**Exercise data**.
------------------------------------------------
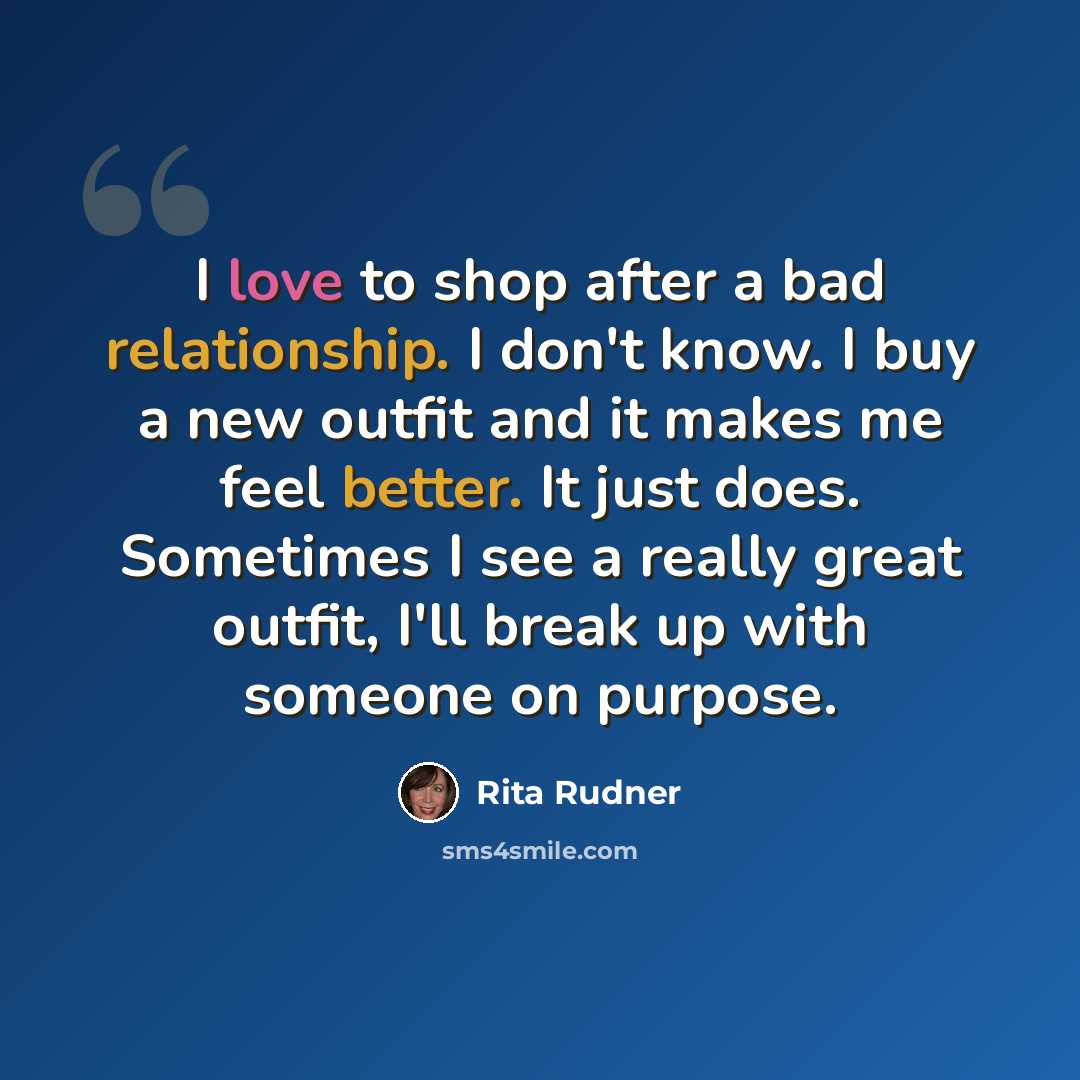 “I love to shop after a bad relationship. I don't know. I buy a new outfit and it makes me feel better. It just does. Sometimes I see a really great outfit, I'll break up with someone on purpose.” quote by Rita Rudner
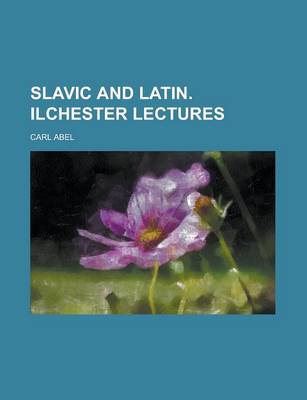 Book cover for Slavic and Latin. Ilchester Lectures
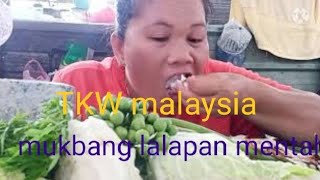 tkwmalaysia mukbang lalapan mentah sambel trasi ikan asin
------------------------------------------------
**Work order**. Could the material above be given again in full and exactly, with its pictures left out?

**The answer**.
 “I love to shop after a bad relationship. I don't know. I buy a new outfit and it makes me feel better. It just does. Sometimes I see a really great outfit, I'll break up with someone on purpose.” quote by Rita Rudner
 Book cover for Slavic and Latin. Ilchester Lectures
 tkwmalaysia mukbang lalapan mentah sambel trasi ikan asin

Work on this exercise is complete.